Recorded information:
________________________
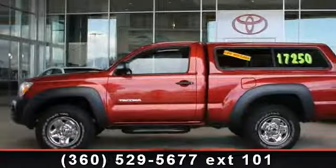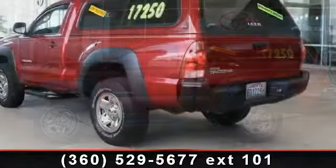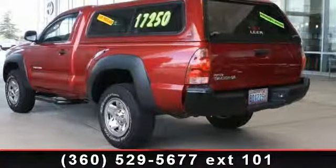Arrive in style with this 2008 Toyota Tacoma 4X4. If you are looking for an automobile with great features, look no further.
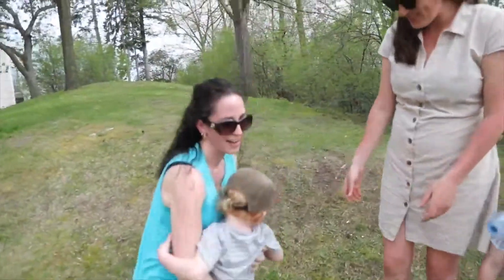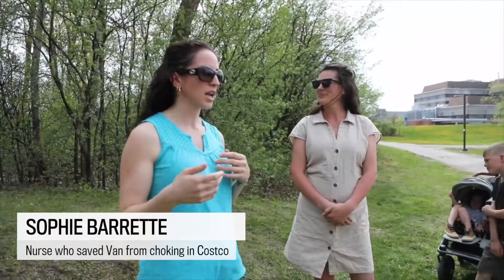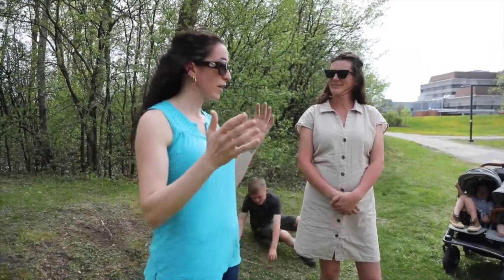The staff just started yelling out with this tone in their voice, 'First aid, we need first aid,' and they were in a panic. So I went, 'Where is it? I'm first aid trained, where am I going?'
________________________
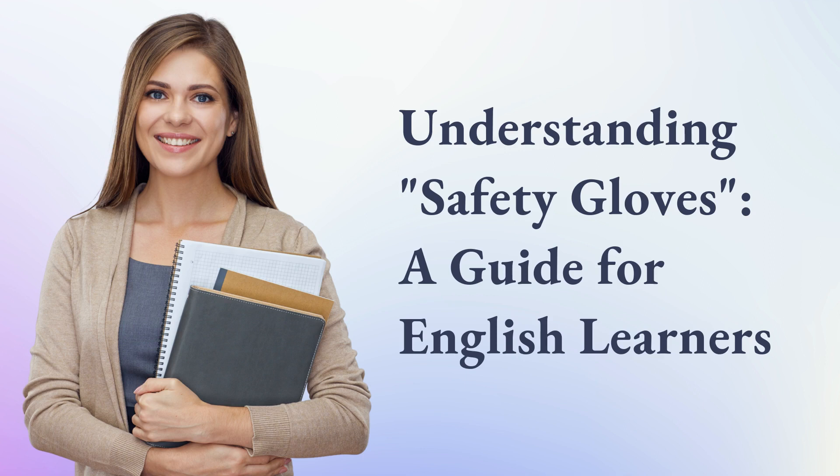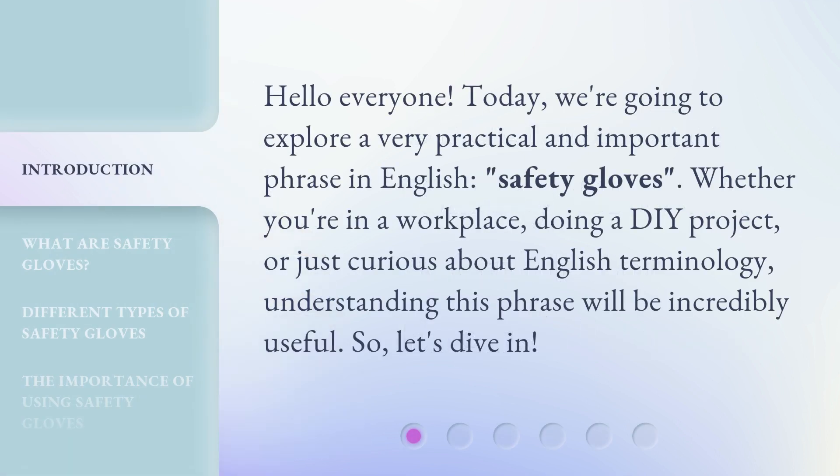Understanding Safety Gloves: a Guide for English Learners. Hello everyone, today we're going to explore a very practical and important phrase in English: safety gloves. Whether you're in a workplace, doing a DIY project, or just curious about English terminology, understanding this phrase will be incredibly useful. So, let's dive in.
________________________
Assignment: Reproduce the data above exactly, but only the lines from the one showing "Arrive in style" through the one showing "The staff just", with both ends kept and the pictures left out.

Problem solution:
Arrive in style with this 2008 Toyota Tacoma 4X4. If you are looking for an automobile with great features, look no further.
The staff just started yelling out with this tone in their voice, 'First aid, we need first aid,' and they were in a panic. So I went, 'Where is it? I'm first aid trained, where am I going?'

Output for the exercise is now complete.